Pablo Ernesto Zuanic - Research Analyst
And the very last one, again, you have been very disciplined in my opinion, but the industry is consolidating. Some of your peers are making a lot of acquisitions. So you're going to way too long. I would say, right? So is it about growing more in Canada? Is it about investments overseas, Latin America, Europe? Can you just remind us about that on the equity side? Because I appreciate again, yes, Canada has potential, but CAD 1.2 billion, if you want to go all into Canada equity investments?
Zachary Ryan George - CEO & Non Independent Director
It's a great question, Pablo. Yes, so just for perspective, in terms of that total capital balance, do we expect it to be entirely or the vast majority to be deployed in Canada? No, not necessarily. But we are highly focused on the Canadian market and working on better understanding the evolution of the sector. You'll notice that many of our peers will direct investor attention away from Canada focused on Europe, focus on the US, bigger markets. We're going to take advantage of opportunities, and that will largely be expressed through capital that's deployed through SunStream Bancorp when it comes to international markets.
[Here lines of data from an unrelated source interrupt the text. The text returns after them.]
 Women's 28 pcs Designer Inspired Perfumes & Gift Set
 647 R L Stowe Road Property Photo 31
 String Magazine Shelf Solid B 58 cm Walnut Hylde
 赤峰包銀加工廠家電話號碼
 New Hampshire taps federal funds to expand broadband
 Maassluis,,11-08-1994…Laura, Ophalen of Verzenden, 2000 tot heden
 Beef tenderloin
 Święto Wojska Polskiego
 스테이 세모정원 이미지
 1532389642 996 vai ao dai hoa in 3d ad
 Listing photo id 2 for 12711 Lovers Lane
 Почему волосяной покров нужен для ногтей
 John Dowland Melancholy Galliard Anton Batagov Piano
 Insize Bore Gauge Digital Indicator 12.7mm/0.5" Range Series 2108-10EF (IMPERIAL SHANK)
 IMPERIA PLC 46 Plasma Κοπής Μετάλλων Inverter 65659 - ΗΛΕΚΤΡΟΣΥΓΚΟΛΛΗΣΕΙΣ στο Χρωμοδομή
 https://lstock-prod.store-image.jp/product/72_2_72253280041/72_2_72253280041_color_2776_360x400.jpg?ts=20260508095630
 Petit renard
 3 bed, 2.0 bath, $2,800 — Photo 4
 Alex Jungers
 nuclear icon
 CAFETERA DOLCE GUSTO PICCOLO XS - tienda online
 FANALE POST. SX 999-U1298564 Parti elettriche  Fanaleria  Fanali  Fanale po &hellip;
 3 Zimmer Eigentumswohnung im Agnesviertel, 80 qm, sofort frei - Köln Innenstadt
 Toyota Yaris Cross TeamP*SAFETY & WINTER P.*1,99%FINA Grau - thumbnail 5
But we are laser focused on understanding where we're going in terms of consolidation, attrition and business failure and also common sense regulatory reform, which we're starting to see, and it's a key part of the equation as well.
Operator
This concludes the question-and-answer session. I would like to turn the conference back over to Zach George for any closing remarks.
Zachary Ryan George - CEO & Non Independent Director
Thanks everyone for joining today. We appreciate your time. Be safe.
Operator
This concludes today's conference call. You may disconnect your lines. Thank you for participating and have a pleasant day.